<<<<
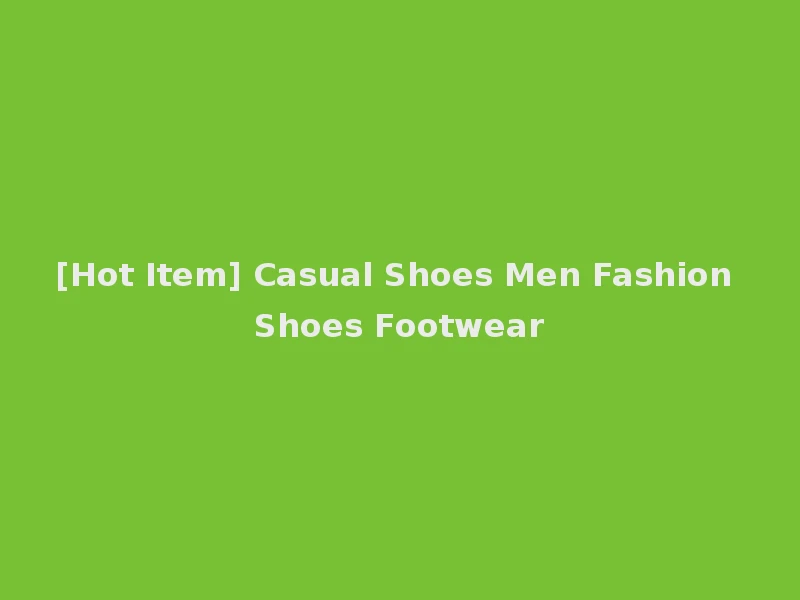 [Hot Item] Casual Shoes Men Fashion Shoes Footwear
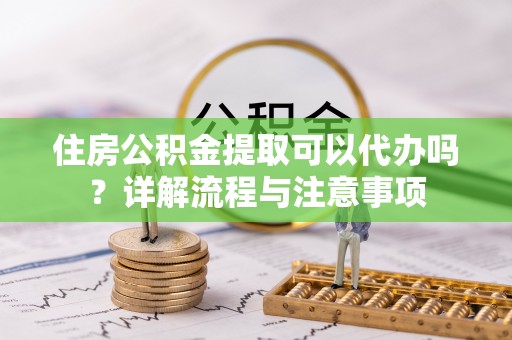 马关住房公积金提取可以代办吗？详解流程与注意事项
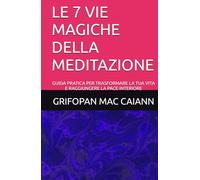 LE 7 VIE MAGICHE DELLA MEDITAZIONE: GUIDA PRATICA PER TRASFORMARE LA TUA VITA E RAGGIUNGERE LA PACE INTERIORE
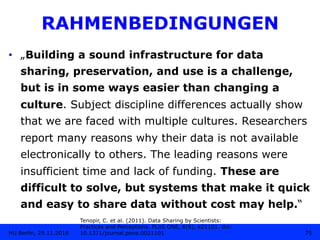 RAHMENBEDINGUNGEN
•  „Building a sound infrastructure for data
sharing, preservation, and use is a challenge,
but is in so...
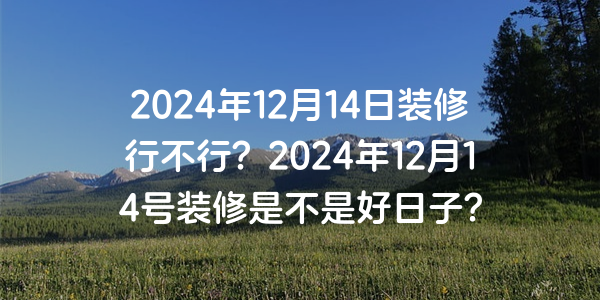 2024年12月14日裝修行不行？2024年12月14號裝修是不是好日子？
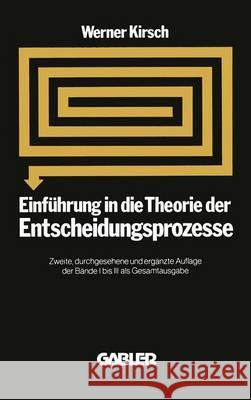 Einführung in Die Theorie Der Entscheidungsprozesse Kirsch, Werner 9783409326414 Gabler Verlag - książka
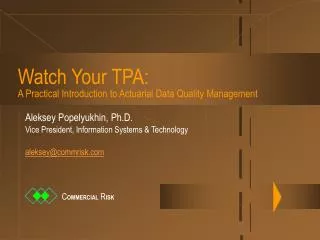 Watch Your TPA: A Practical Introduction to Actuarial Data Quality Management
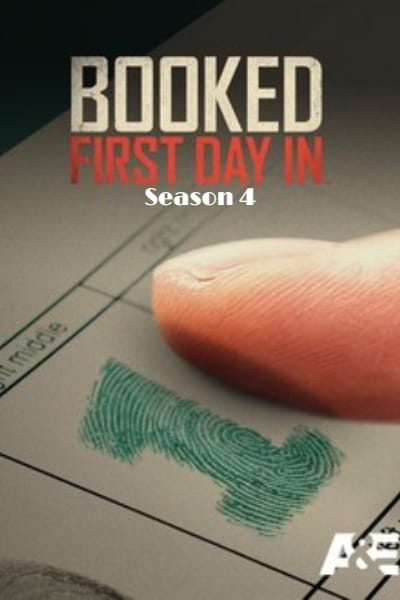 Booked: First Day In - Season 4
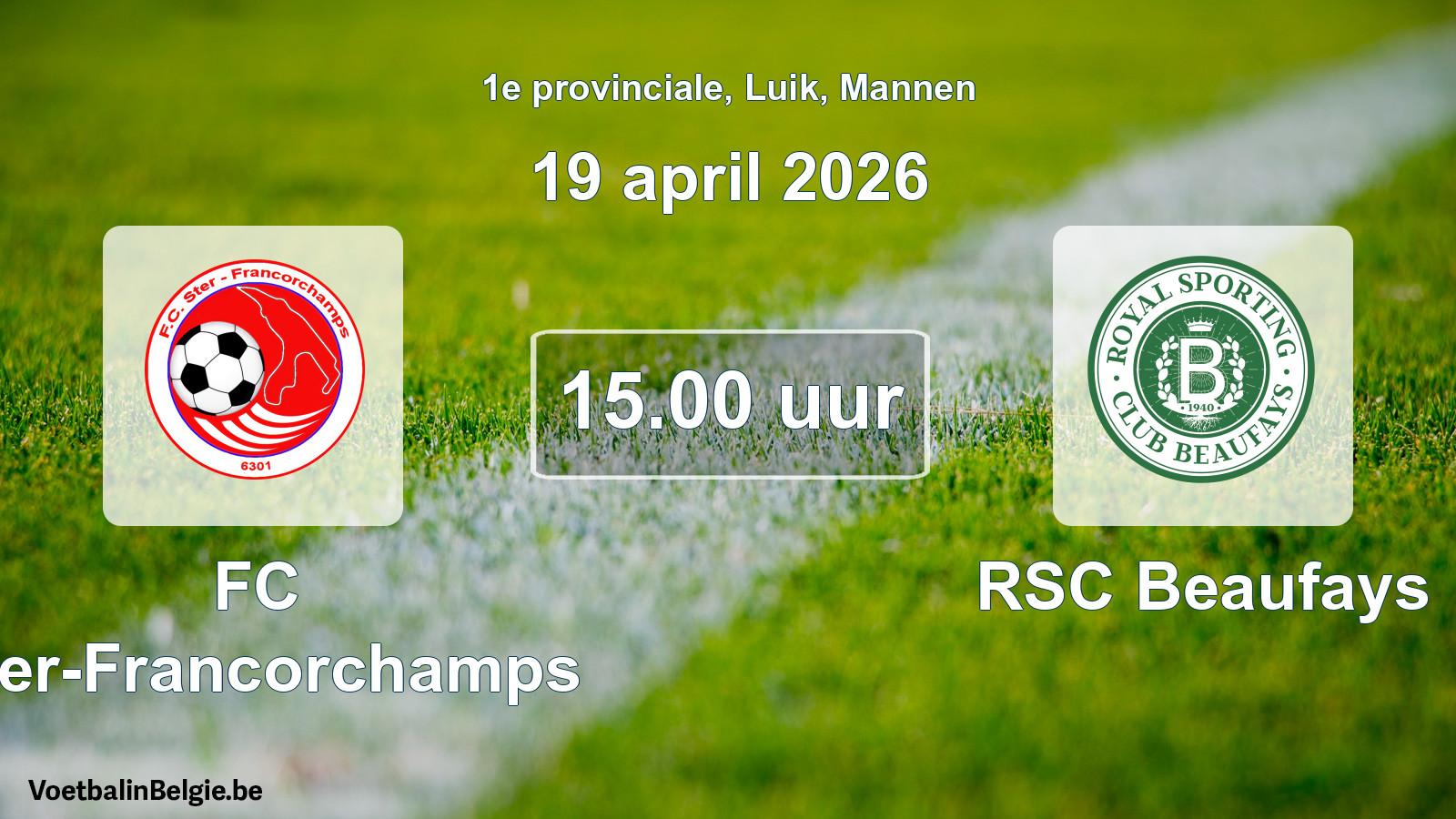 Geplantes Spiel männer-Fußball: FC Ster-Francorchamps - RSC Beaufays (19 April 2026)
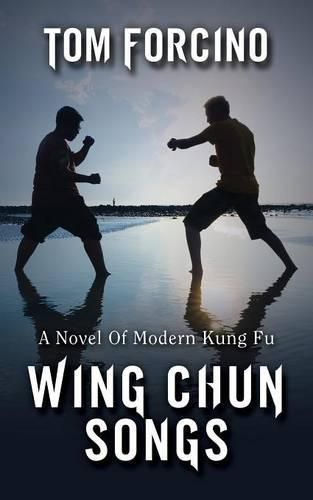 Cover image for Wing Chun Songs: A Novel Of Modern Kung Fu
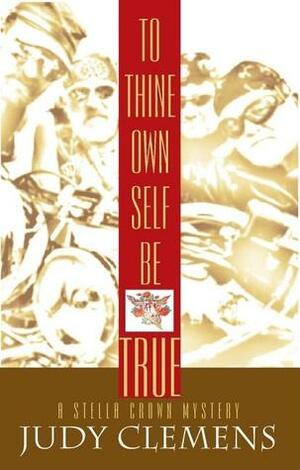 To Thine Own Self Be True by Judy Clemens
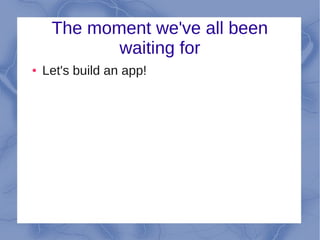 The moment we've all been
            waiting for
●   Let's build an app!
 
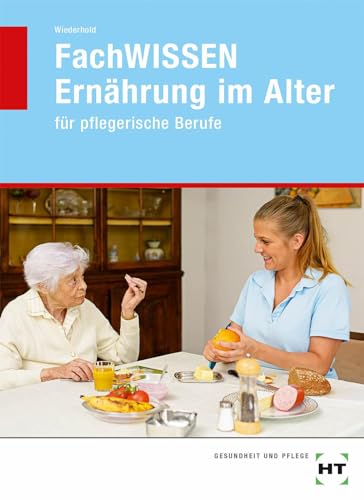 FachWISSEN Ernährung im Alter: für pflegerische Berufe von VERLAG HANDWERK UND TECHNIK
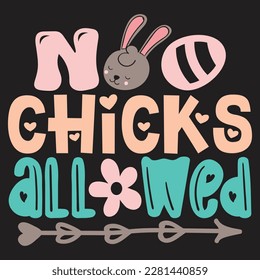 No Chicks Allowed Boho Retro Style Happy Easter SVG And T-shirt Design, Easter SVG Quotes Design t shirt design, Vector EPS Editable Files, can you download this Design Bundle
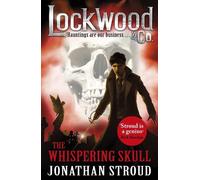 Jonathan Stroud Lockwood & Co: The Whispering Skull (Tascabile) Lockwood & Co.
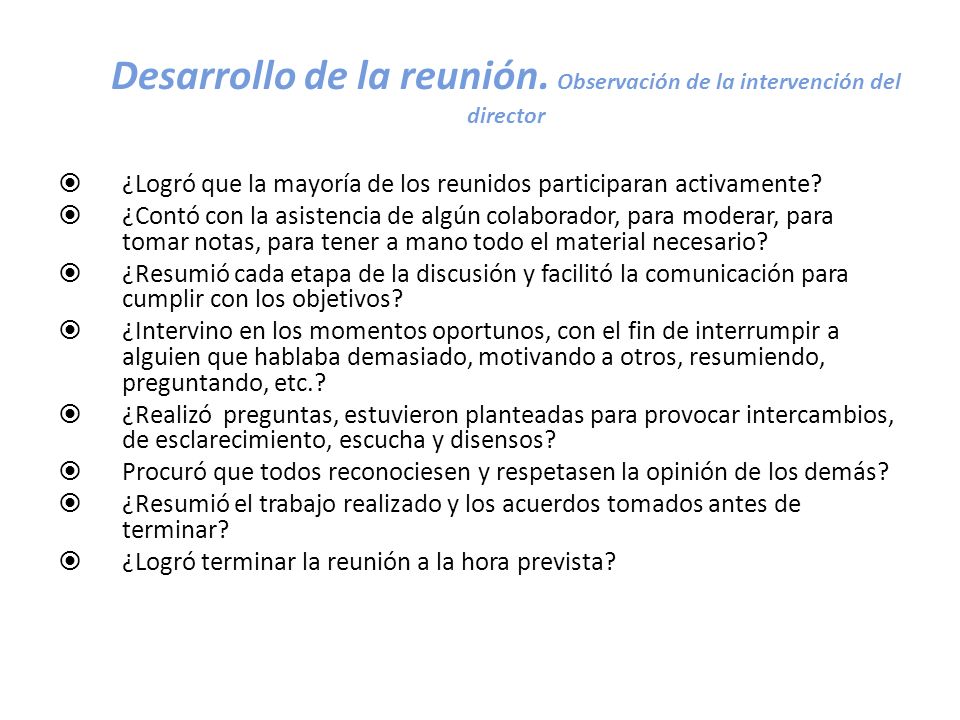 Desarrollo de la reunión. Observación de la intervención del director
>>>>
◆ Task instructions: Copy every record exactly as it appears, apart from any pictures.

◆ Exercise result:
 [Hot Item] Casual Shoes Men Fashion Shoes Footwear
 马关住房公积金提取可以代办吗？详解流程与注意事项
 LE 7 VIE MAGICHE DELLA MEDITAZIONE: GUIDA PRATICA PER TRASFORMARE LA TUA VITA E RAGGIUNGERE LA PACE INTERIORE
 RAHMENBEDINGUNGEN
•  „Building a sound infrastructure for data
sharing, preservation, and use is a challenge,
but is in so...
 2024年12月14日裝修行不行？2024年12月14號裝修是不是好日子？
 Einführung in Die Theorie Der Entscheidungsprozesse Kirsch, Werner 9783409326414 Gabler Verlag - książka
 Watch Your TPA: A Practical Introduction to Actuarial Data Quality Management
 Booked: First Day In - Season 4
 Geplantes Spiel männer-Fußball: FC Ster-Francorchamps - RSC Beaufays (19 April 2026)
 Cover image for Wing Chun Songs: A Novel Of Modern Kung Fu
 To Thine Own Self Be True by Judy Clemens
 The moment we've all been
            waiting for
●   Let's build an app!
 
 FachWISSEN Ernährung im Alter: für pflegerische Berufe von VERLAG HANDWERK UND TECHNIK
 No Chicks Allowed Boho Retro Style Happy Easter SVG And T-shirt Design, Easter SVG Quotes Design t shirt design, Vector EPS Editable Files, can you download this Design Bundle
 Jonathan Stroud Lockwood & Co: The Whispering Skull (Tascabile) Lockwood & Co.
 Desarrollo de la reunión. Observación de la intervención del director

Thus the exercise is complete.